#### Provided entries
####################
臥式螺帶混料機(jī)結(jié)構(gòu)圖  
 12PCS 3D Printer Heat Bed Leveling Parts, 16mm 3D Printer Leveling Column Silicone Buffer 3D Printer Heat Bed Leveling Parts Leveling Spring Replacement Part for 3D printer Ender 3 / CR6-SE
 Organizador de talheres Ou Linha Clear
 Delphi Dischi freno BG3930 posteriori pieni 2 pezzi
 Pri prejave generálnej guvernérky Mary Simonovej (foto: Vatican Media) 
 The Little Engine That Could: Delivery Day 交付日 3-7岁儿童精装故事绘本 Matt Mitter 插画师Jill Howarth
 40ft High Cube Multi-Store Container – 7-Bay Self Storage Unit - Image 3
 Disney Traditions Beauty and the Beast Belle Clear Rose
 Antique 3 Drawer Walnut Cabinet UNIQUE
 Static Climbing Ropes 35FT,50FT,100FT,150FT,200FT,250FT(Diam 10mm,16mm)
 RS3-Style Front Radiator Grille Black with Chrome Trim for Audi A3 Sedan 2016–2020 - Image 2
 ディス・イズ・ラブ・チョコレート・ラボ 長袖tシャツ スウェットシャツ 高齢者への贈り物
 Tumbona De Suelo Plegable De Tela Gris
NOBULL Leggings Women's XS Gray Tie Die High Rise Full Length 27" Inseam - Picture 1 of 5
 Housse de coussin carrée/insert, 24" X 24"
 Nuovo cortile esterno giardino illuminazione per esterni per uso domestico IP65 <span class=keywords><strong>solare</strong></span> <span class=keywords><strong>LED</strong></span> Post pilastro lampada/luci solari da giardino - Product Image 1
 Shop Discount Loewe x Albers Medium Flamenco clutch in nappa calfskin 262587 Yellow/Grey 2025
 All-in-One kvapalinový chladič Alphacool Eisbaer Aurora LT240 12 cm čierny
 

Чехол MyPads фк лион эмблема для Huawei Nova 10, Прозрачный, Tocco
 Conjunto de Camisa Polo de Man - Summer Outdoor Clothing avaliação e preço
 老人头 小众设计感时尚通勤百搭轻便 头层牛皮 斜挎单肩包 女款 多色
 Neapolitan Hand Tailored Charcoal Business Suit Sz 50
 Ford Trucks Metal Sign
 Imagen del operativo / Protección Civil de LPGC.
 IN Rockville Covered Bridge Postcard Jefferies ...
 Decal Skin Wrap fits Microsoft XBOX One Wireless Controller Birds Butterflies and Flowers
####################
#### What is required
Everything from the line containing "Disney Traditions Beauty" through the line containing "NOBULL Leggings Women's" in the material above should be retyped exactly, both ends included, and nothing more.

#### Result of this exercise
 Disney Traditions Beauty and the Beast Belle Clear Rose
 Antique 3 Drawer Walnut Cabinet UNIQUE
 Static Climbing Ropes 35FT,50FT,100FT,150FT,200FT,250FT(Diam 10mm,16mm)
 RS3-Style Front Radiator Grille Black with Chrome Trim for Audi A3 Sedan 2016–2020 - Image 2
 ディス・イズ・ラブ・チョコレート・ラボ 長袖tシャツ スウェットシャツ 高齢者への贈り物
 Tumbona De Suelo Plegable De Tela Gris
NOBULL Leggings Women's XS Gray Tie Die High Rise Full Length 27" Inseam - Picture 1 of 5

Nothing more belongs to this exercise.